Write every line below out again exactly, images omitted.

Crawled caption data
##############################
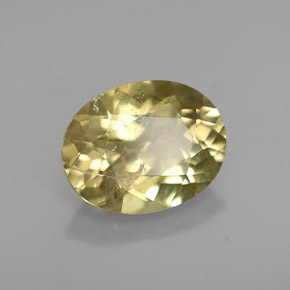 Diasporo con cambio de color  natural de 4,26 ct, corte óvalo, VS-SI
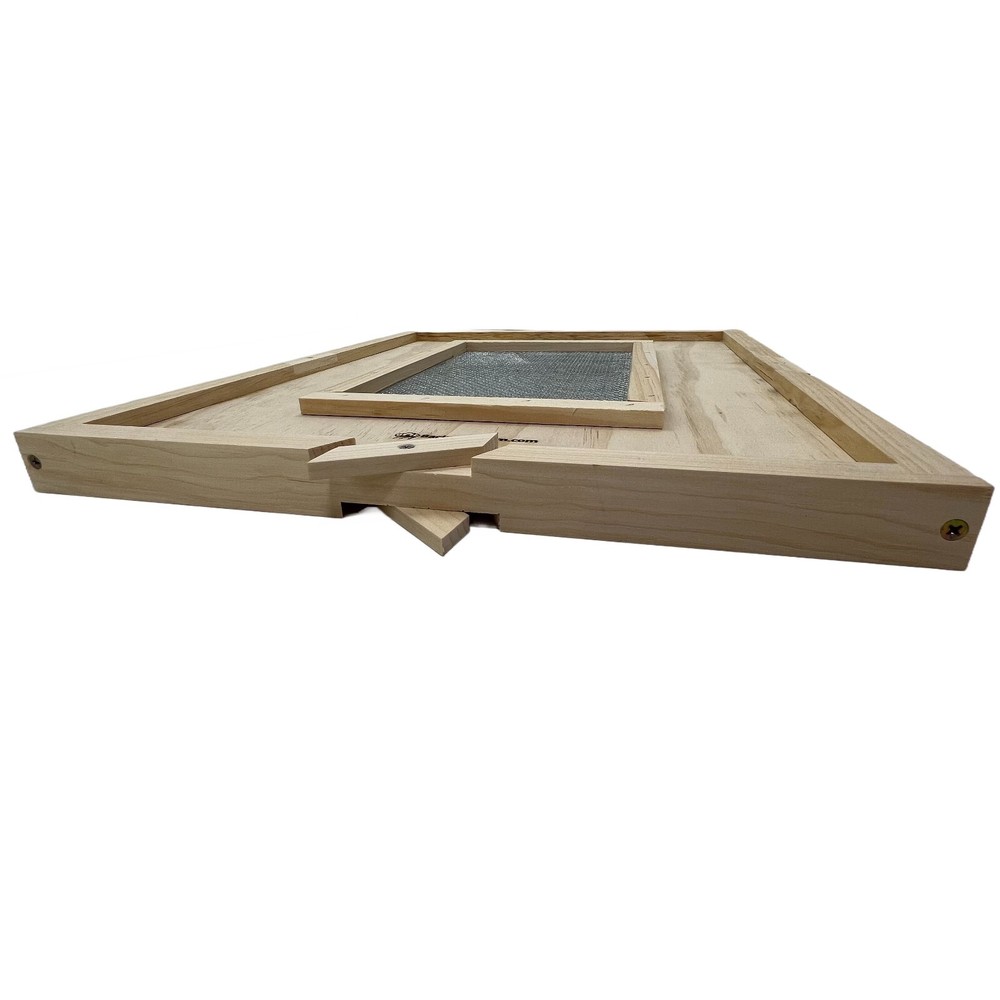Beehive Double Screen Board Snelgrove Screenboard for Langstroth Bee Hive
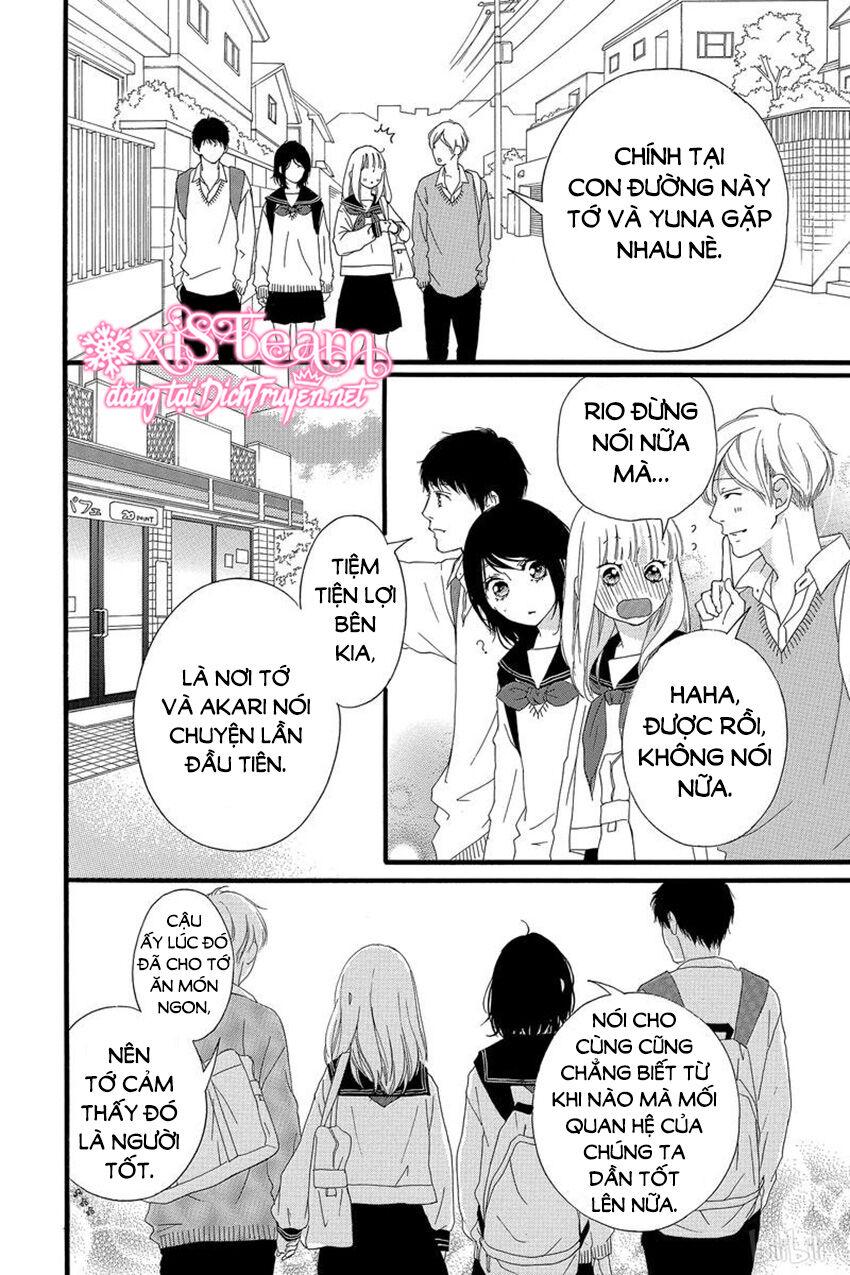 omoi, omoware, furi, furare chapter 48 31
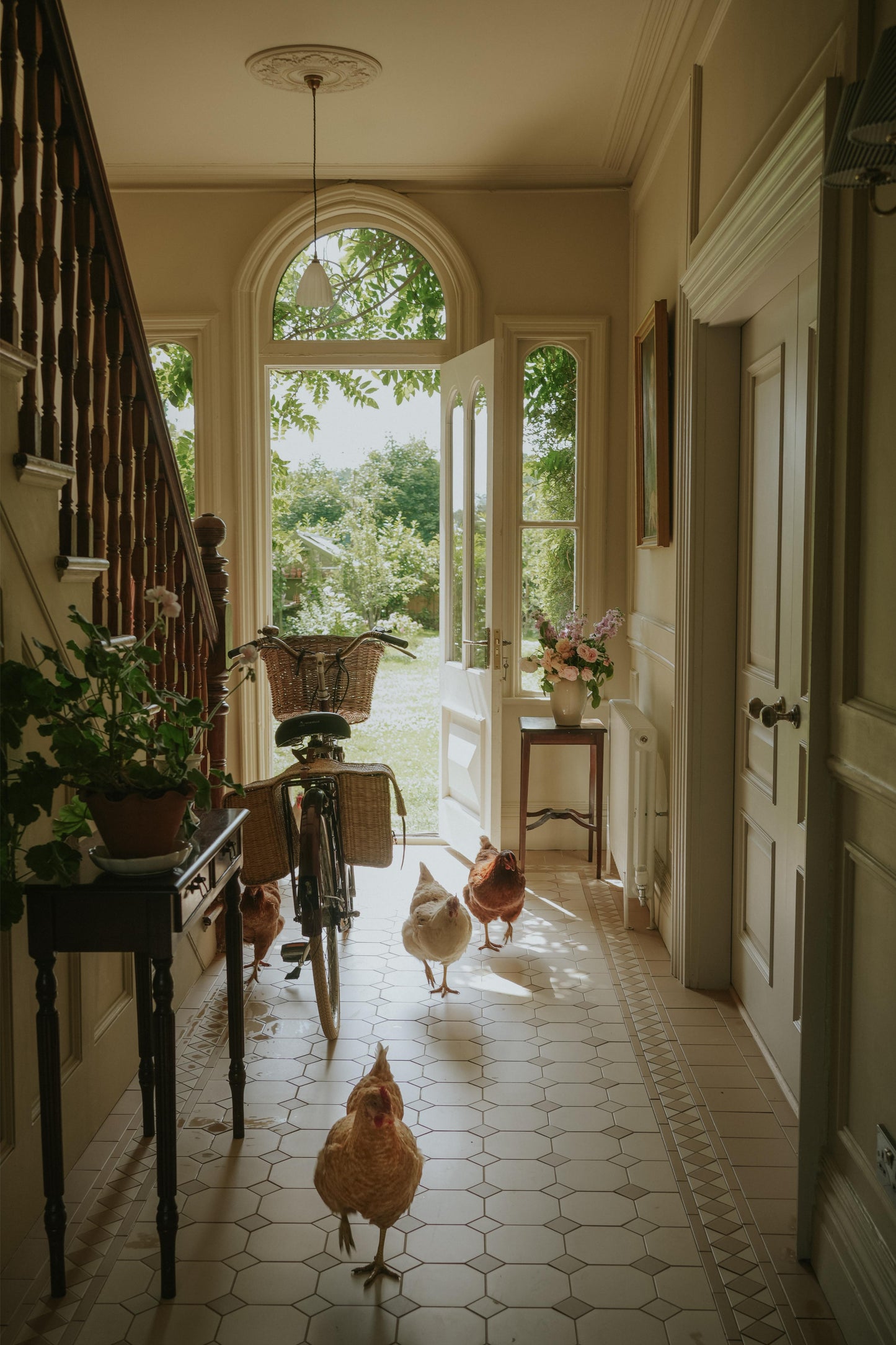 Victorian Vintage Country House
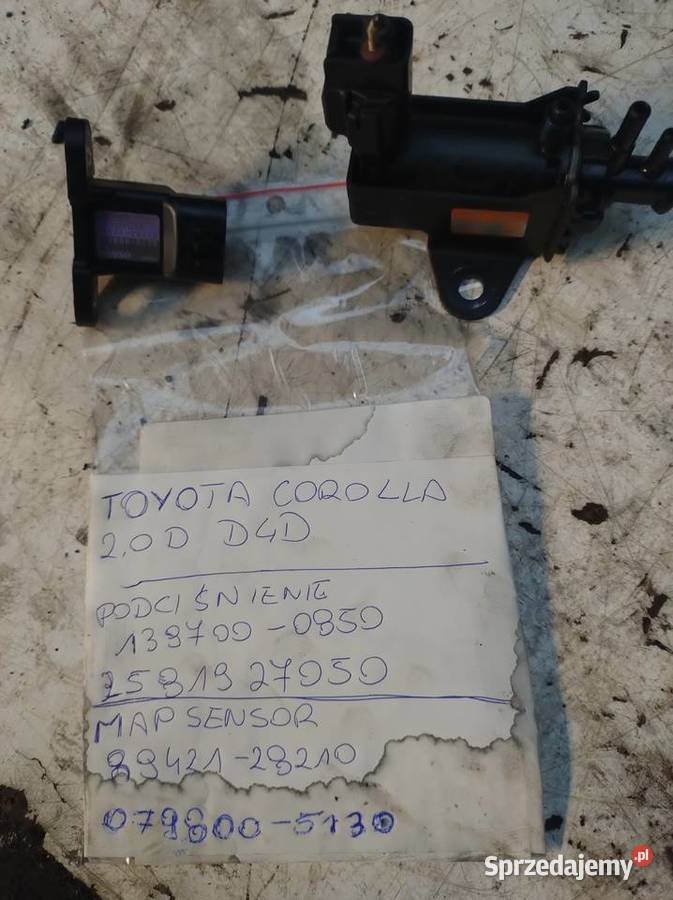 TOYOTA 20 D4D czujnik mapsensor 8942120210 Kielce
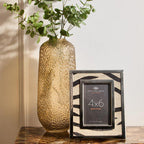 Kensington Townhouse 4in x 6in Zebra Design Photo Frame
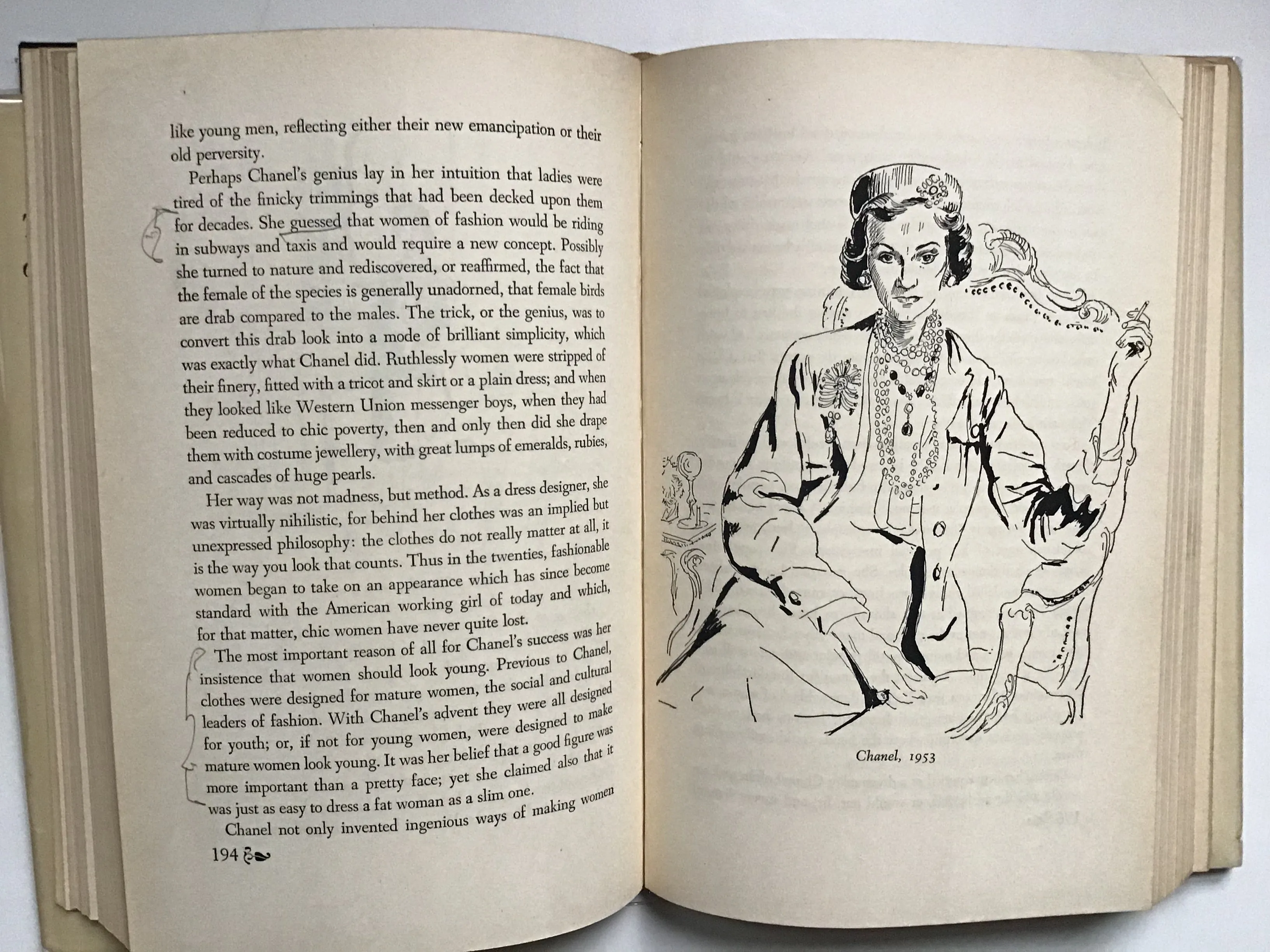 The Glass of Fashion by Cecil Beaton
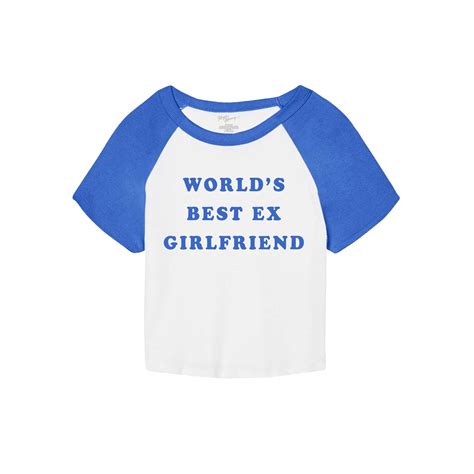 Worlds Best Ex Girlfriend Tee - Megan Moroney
##############################
Answer section.
 Diasporo con cambio de color  natural de 4,26 ct, corte óvalo, VS-SI
Beehive Double Screen Board Snelgrove Screenboard for Langstroth Bee Hive
 omoi, omoware, furi, furare chapter 48 31
 Victorian Vintage Country House
 TOYOTA 20 D4D czujnik mapsensor 8942120210 Kielce
 Kensington Townhouse 4in x 6in Zebra Design Photo Frame
 The Glass of Fashion by Cecil Beaton
 Worlds Best Ex Girlfriend Tee - Megan Moroney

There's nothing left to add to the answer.